Your answer should be the exact lines of the records, starting with the one containing "structure, CAS 2061247-71-8" and running to the end.
☆ ☆ ☆
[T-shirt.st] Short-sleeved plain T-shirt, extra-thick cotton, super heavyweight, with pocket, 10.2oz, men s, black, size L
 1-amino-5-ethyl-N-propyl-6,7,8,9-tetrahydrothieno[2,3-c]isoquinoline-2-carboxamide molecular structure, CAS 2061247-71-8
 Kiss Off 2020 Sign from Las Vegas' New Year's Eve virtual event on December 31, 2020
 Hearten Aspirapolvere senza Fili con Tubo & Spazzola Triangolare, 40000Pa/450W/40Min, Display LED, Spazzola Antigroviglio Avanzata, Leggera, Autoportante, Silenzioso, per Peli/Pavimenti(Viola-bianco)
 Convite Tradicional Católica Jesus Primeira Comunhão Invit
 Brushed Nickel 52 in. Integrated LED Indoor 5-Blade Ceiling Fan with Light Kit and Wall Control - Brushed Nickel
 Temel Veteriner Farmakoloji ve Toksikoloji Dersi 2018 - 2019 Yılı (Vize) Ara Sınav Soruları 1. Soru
☆ ☆ ☆
**Answer for the task**.
 1-amino-5-ethyl-N-propyl-6,7,8,9-tetrahydrothieno[2,3-c]isoquinoline-2-carboxamide molecular structure, CAS 2061247-71-8
 Kiss Off 2020 Sign from Las Vegas' New Year's Eve virtual event on December 31, 2020
 Hearten Aspirapolvere senza Fili con Tubo & Spazzola Triangolare, 40000Pa/450W/40Min, Display LED, Spazzola Antigroviglio Avanzata, Leggera, Autoportante, Silenzioso, per Peli/Pavimenti(Viola-bianco)
 Convite Tradicional Católica Jesus Primeira Comunhão Invit
 Brushed Nickel 52 in. Integrated LED Indoor 5-Blade Ceiling Fan with Light Kit and Wall Control - Brushed Nickel
 Temel Veteriner Farmakoloji ve Toksikoloji Dersi 2018 - 2019 Yılı (Vize) Ara Sınav Soruları 1. Soru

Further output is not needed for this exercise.